1. Your credit score will plummet

Several factors go into calculating your credit score, but payment history is the most important. Not paying your student loans on time hurts your payment history record, and hurting your payment history record lowers your credit score, plain and simple. As a borrower, you want your credit score within a reasonable range, and having a higher score is never going to burden you in the credit approval process.
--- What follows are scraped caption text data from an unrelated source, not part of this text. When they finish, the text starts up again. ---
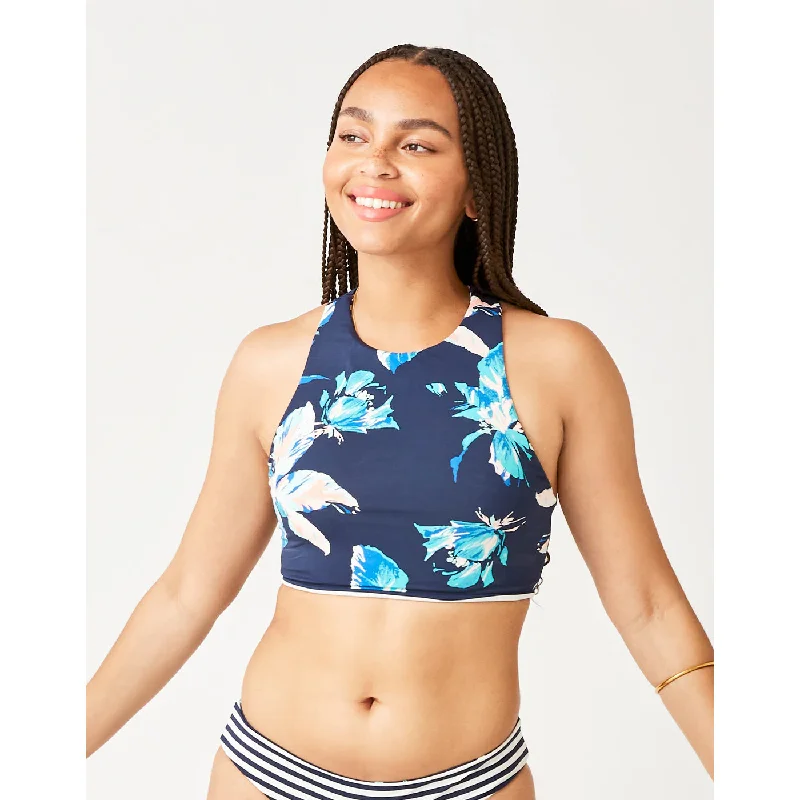 ladies bikini top bleach resistant -Carve Sanitas Reversible Top: Stargazer/Navy Stripe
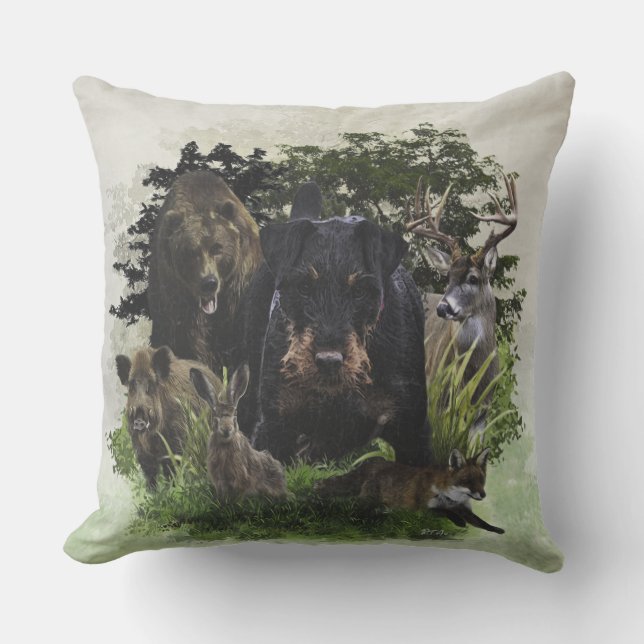 Almofada Caça alemã Terrier (Jagdterrier) (Frente)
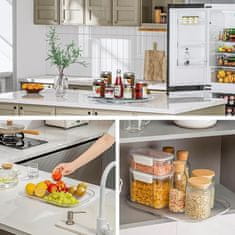 HOME & MARKER® Rotirajući organizator za hladnjak 360°, okretna polica za začine i hranu 35x26x3,5 cm | SPINTRAY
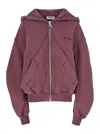 Attico Pink Sweatshirt With Hood And Logo Lettering On The Front In Cotton Woman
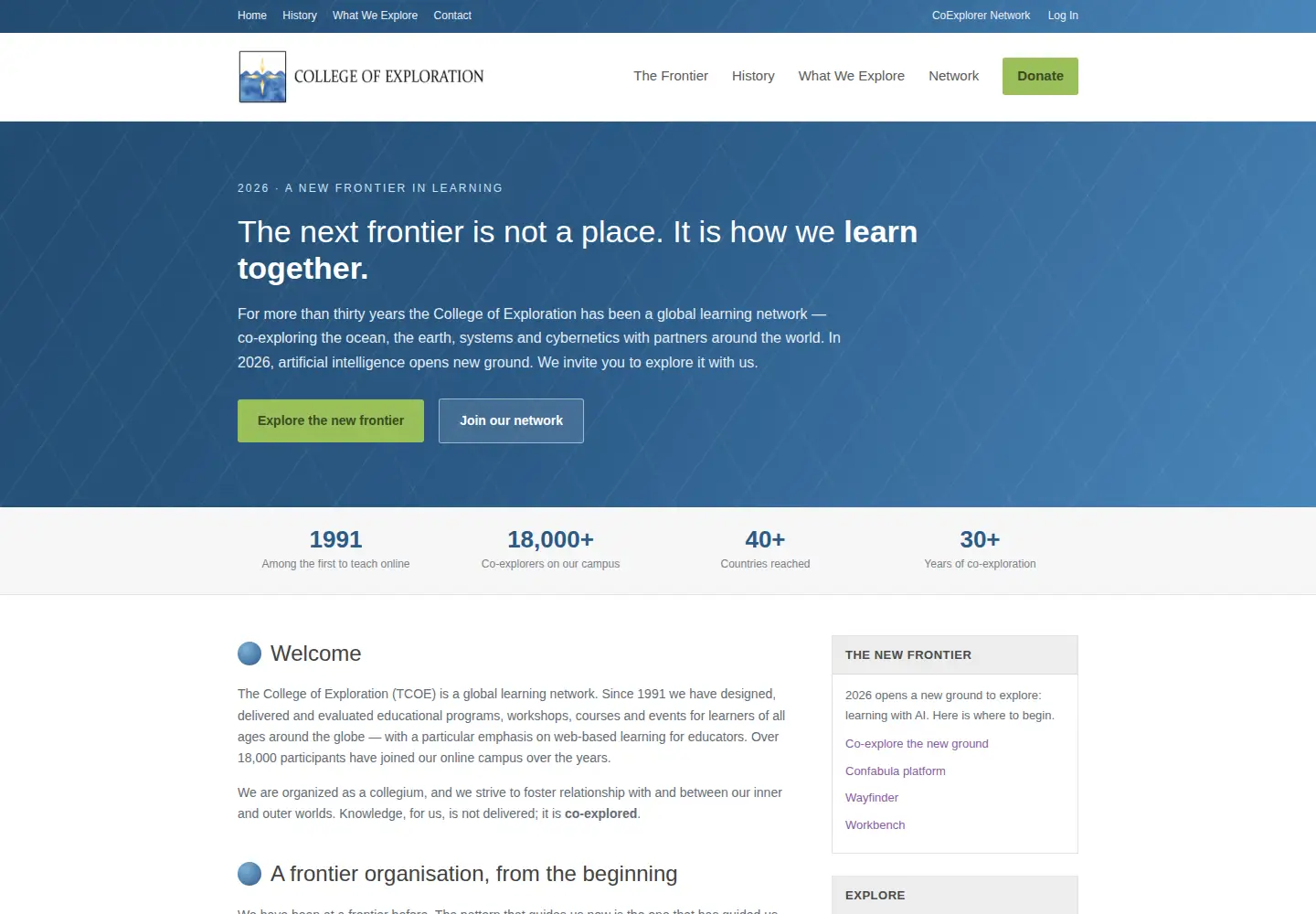 Screenshot of coexploration.org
 2. Your credit report will be tarnished for 7 years

Applying for a car loan, a mortgage or even more student debt can all get harder when students don’t make their loan payments. Credit reports are like memory-foam mattresses: If you alter their shape, they’ll eventually bounce back — but it might take a while. A “while” in this case generally means seven years, the length of time late payments can stay on your credit report, affecting your creditworthiness the whole time.

 3. You won’t be able to get other loans

This one almost goes without saying. If you’re already not paying off an existing loan, new lenders will likely hesitate when considering you for a new loan. On the other hand, if your payment history is untarnished, you may qualify for lower interest rates, ultimately keeping more money in your pocket over time.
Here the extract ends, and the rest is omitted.